Optimizing processing time of QuickSight SPICE refresh

alexresh · January 31, 2024, 2:55am

I have a QuickSight SPICE data set that is set to refresh daily, processes around 500M rows (~200GB) and typically take an 1 to 1.5 hours to refresh. Datasource is redshift. More recently, this has been failing due to WLM limit rules (1.5 hour) configured for query execution time. The data set written as a custom sql with all the logic takes about the same time as doing a select * from table.
Another approach taken is creating this dataset in athena - however, the ingestion time was worse - close to 3 hours.
We have an enterprise account and the data sets are within the spice limitations for QuickSight.The SPICE Usage on the account is ~80% of available SPICE capacity.

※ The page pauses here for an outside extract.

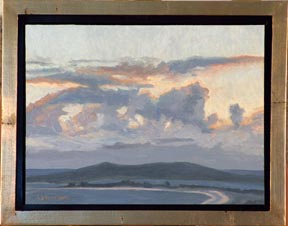 Bodega Bay Dusk Linda Sorensen with Gold Faced Black Floater Frame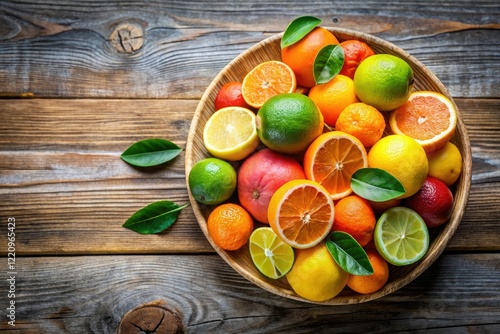 Quadro su tela Brightly colored citrus fruits arranged in a bowl, isolated on a wooden table, e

Any pointers on best practices for datasets of this size? what factors should be taken into account for estimating the processing time ? Any recommendations on how the SPICE ingestion time can be optimized?

Other notes :
Running a create table in redshift completes in less than 5 minutes. But the QuickSight data ingestion takes longer than an hour.

apjvinod · January 31, 2024, 8:44am

Hi @alexresh

Could you please check on the below suggestions and see if it reduces the time taken to load 500M records in SPICE .

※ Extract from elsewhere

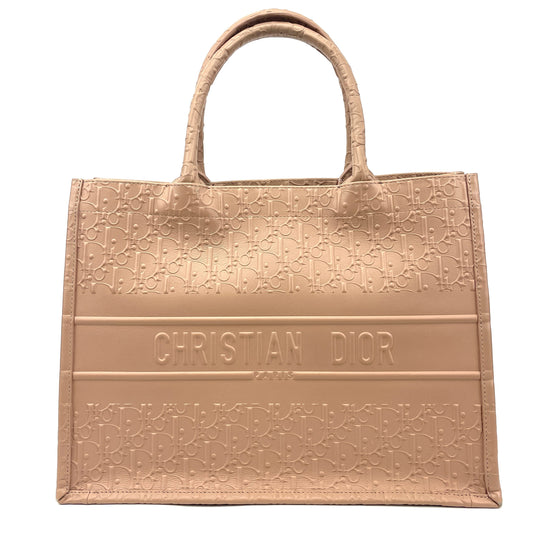 CHRISTIAN DIOR Calfskin Embossed Oblique Small Book Tote - image 1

Check QuickSight SPICE region and Redshift are in the same region
Considering 500M rows is there any option to identify the incremental records using created date
/ last modified date and enable incremental SPICE refresh
Try to remove the unused/unwanted fields from dataset especially fields with string datatype
Extracting 500M rows through Redshift Spectrum might take additional time when compared Redshift managed Storage .

By looking at the throughput of 5M records per Minute (500M/90 Min) is relatively good…

Thanks
VInod

ErikG · January 31, 2024, 8:51am

Hi @alexresh
one additional question. You are proccesing 500M rows per day. Is it a full or incremental load?
BR

alexresh · January 31, 2024, 7:53pm

Processing 500 M rows per day as a full refresh. Incremental refresh in this case is not a viable solution as the 1st time it has to be a full refresh and we will hit the SPICE size limitation in less than a month

alexresh · January 31, 2024, 8:00pm

the redshift is in us-west-2 region
I have tried incremental loads but the overall processing times did not change much and have concern on hitting the spice ingestion size since the incremental load is constantly appending to the dataset
could try this approach
OK

So is the final take here that there is now way to optimize other than reducing the dataset size . whats the benefit of having spice and redshift in same region ?

ErikG · January 31, 2024, 8:03pm

But shouldnt be the row count the same if I do a full or just incremental?
e.g.
1st load: 500 to 500
2nd load: 534 to 500+34
etc.

alexresh · January 31, 2024, 9:16pm

each incremetal dayis close 100 M rows plus

Koushik_Muthanna · February 1, 2024, 8:55am

@alexresh ,

I have tried incremental loads but the overall processing times did not change much and have concern on hitting the spice ingestion size since the incremental load is constantly appending to the dataset

What do you mean with overall processing did not change much ? Ingesting 100 M records with incremental refresh took the same as a full refresh of 500 M ?

Is the custom SQL that you are executing only looking at data for certain periods of time ? ( For eg : last 12 months )
If the incremental load append works for your data , you can use a multi-schedule approach ( Setting data retention period on incremental refresh dataset? - #6 by Giang_Nguyen )

Kind regards,
Koushik

ErikG · February 7, 2024, 7:21pm

Hi @alexresh
any update for us?
BR

Koushik_Muthanna · February 27, 2024, 3:31pm

Since we have not received a response from you on this question, we are going to archive the question. If you still need this question answered, please create a new question topic.